**ASSIGNED TASK**.
Reproduce the records that follow without alteration, apart from removing the pictures.

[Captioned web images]
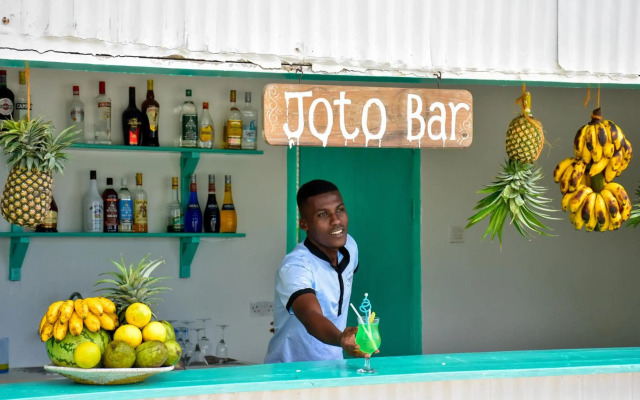 Zanbluu Beach Hotel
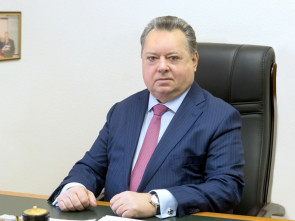 Борису Невзорову вручена грамота Президента Российской Федерации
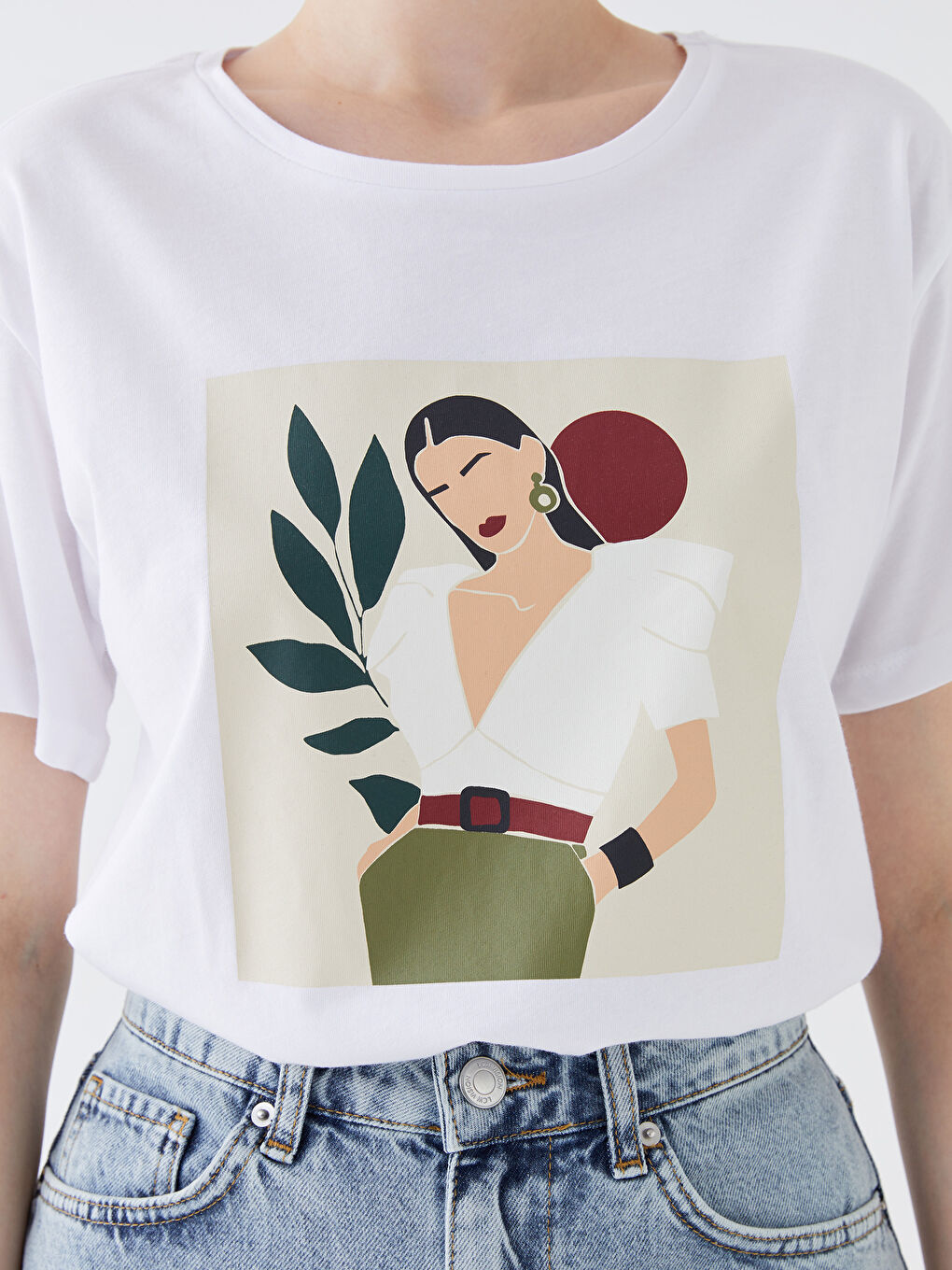 تيشيرت نسائي بأكمام قصيرة وياقة دائرية مطبوع-3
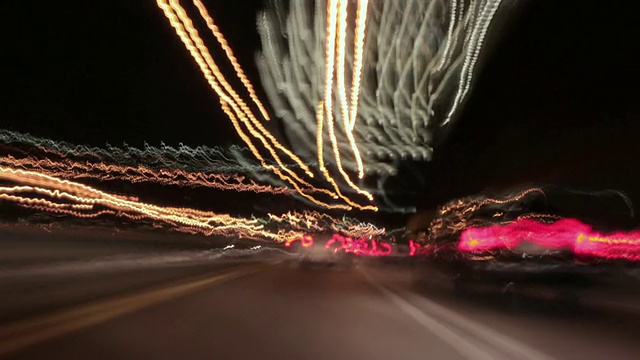 WS POV T/L长曝光在美国纽约哈莱姆/曼哈顿晚上街道上的交通视频素材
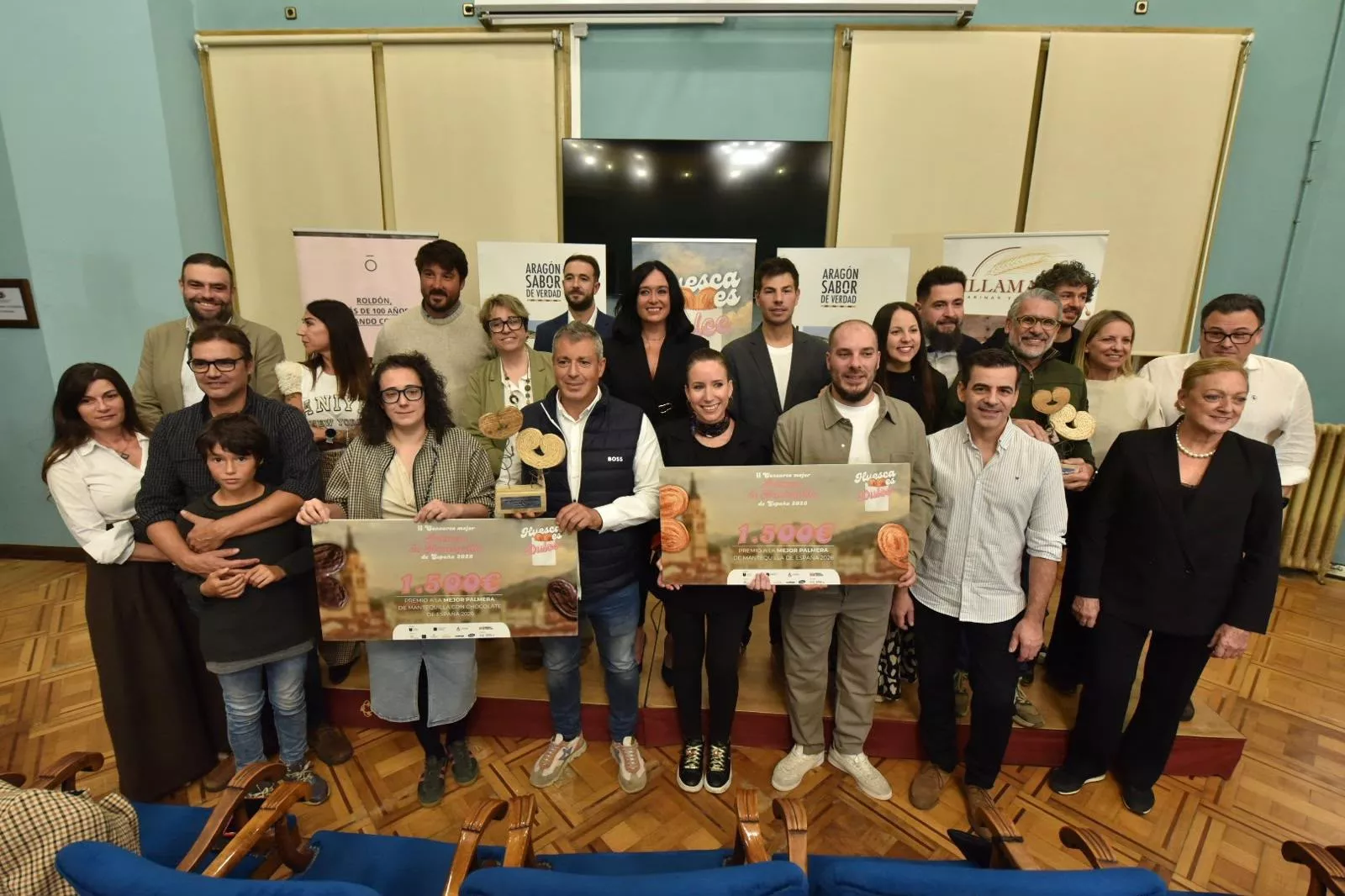 Participantes en la entrega de los premios a las mejores palmeras de mantequilla y mantequilla de chocolate.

**SOLUTION FOR THIS TASK**.
 Zanbluu Beach Hotel
 Борису Невзорову вручена грамота Президента Российской Федерации
 تيشيرت نسائي بأكمام قصيرة وياقة دائرية مطبوع-3
 WS POV T/L长曝光在美国纽约哈莱姆/曼哈顿晚上街道上的交通视频素材
 Participantes en la entrega de los premios a las mejores palmeras de mantequilla y mantequilla de chocolate.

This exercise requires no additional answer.